(Dataset records):
━━━━
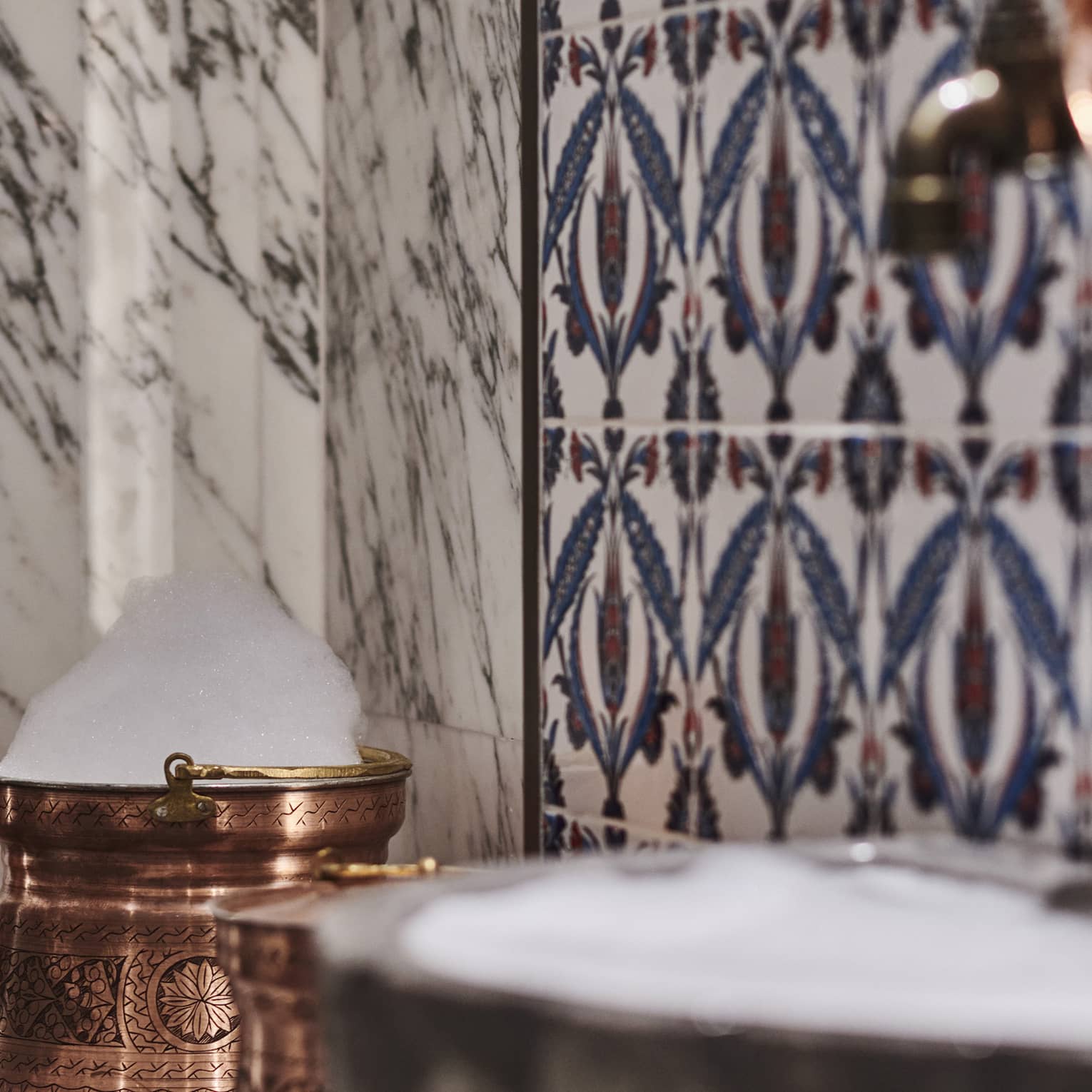 Kuma Spa tiles and marble walls by copper sink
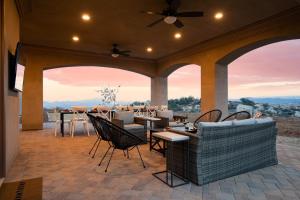 a patio with a table and chairs and a ceiling fan at Malbec by AvantStay Incredible Estate w Panoramic Views Bocce Ball Court in Sage
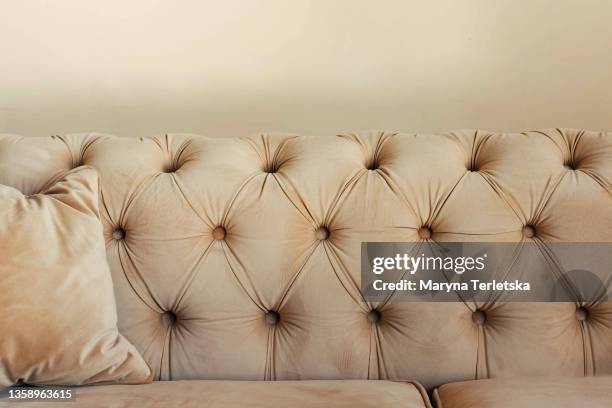 beautiful beige textured velor sofa. - distressed suede stock pictures, royalty-free photos & images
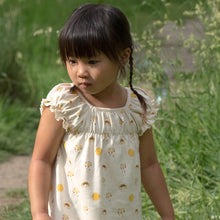 Load image into Gallery viewer,       Little-Green-Radicals-Cream-Pocket-Playdays-Dress-With-Sunshine-And-Rainbow-Print-Kid-Closeup
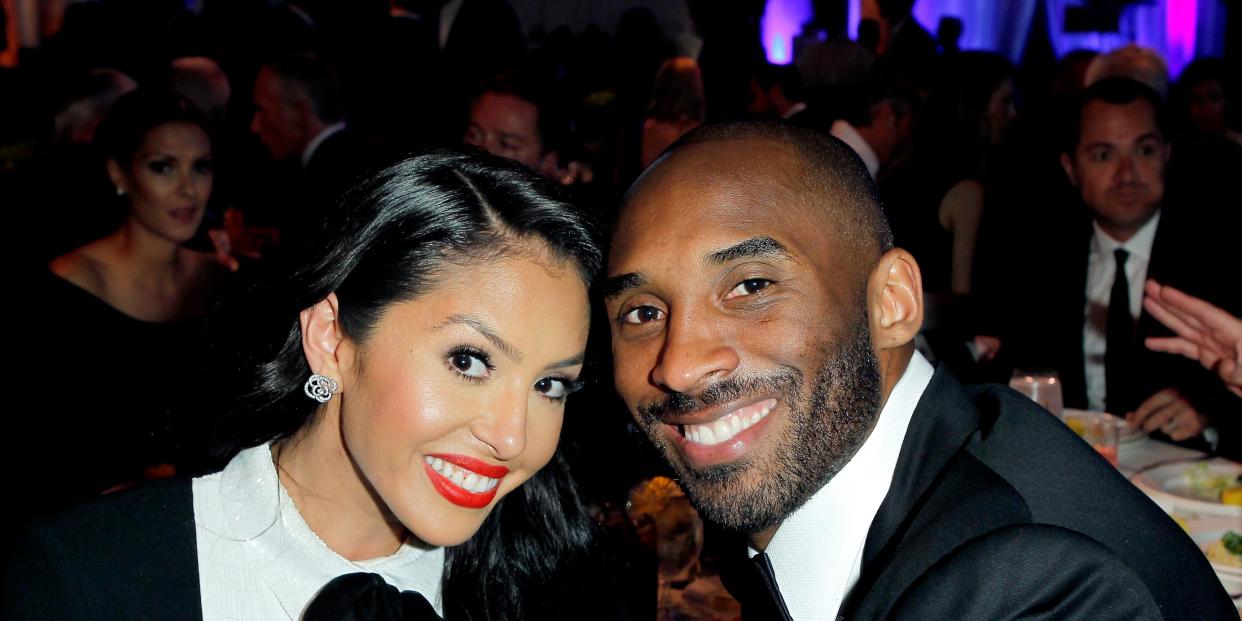 Vanessa Bryant (left) and Kobe Bryant (right) touching heads to pose for a photo in black and white attire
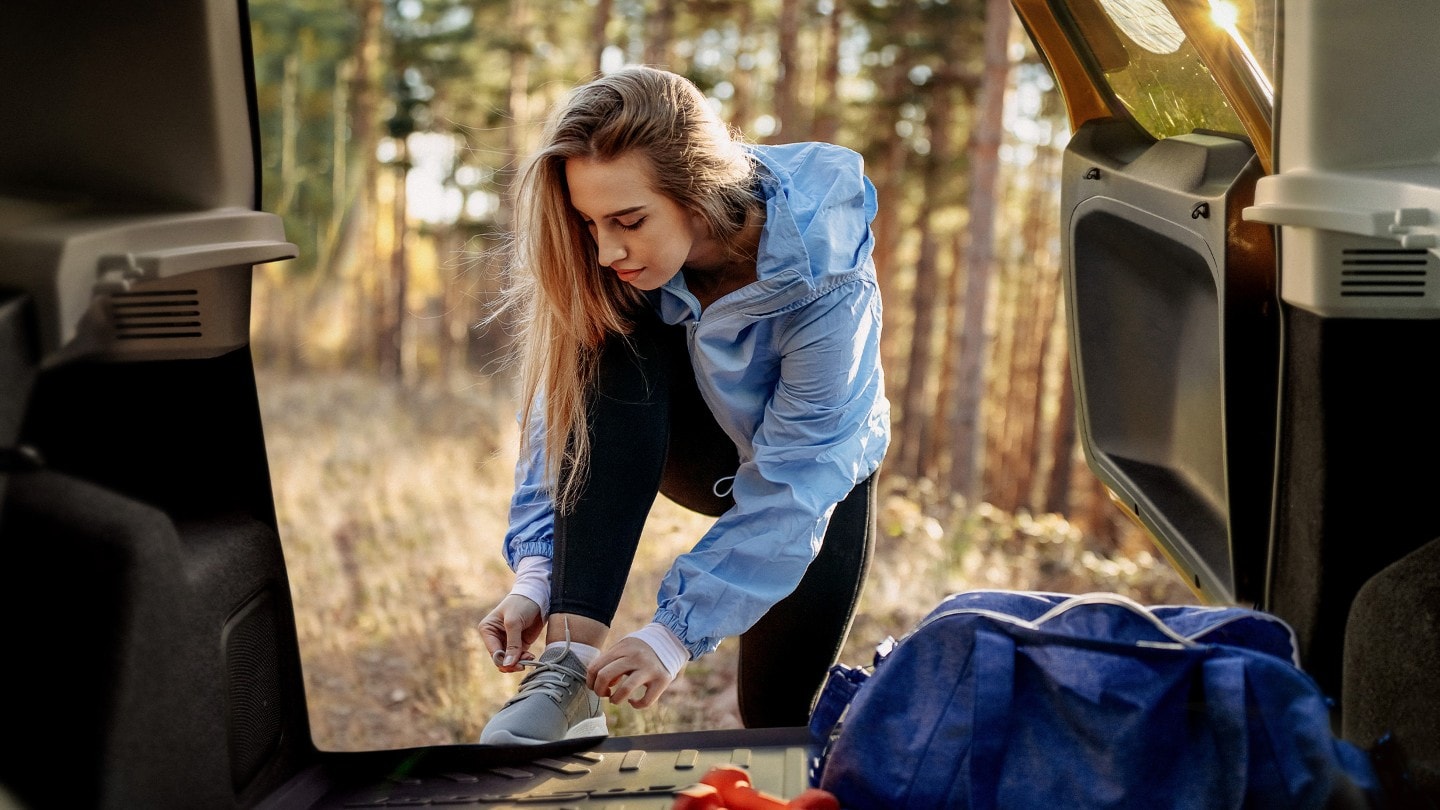 Woman lacing shoes in ford vehicle door interior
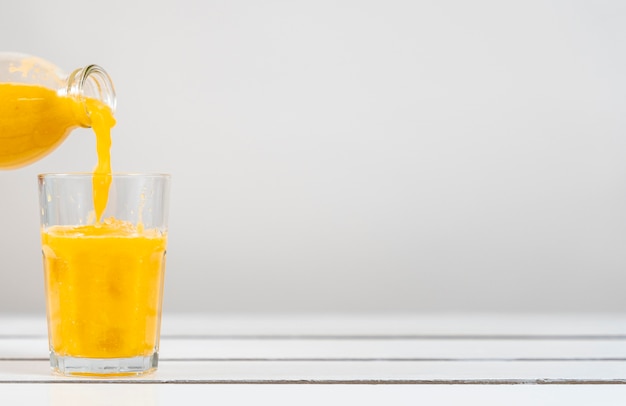 Free photo close-up bottle pouring juice in glass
━━━━
(Exercise instructions):
Leave out the pictures and return the listing exactly.

(Answer):
 Kuma Spa tiles and marble walls by copper sink
 a patio with a table and chairs and a ceiling fan at Malbec by AvantStay Incredible Estate w Panoramic Views Bocce Ball Court in Sage
 beautiful beige textured velor sofa. - distressed suede stock pictures, royalty-free photos & images
 Load image into Gallery viewer,       Little-Green-Radicals-Cream-Pocket-Playdays-Dress-With-Sunshine-And-Rainbow-Print-Kid-Closeup
 Vanessa Bryant (left) and Kobe Bryant (right) touching heads to pose for a photo in black and white attire
 Woman lacing shoes in ford vehicle door interior
 Free photo close-up bottle pouring juice in glass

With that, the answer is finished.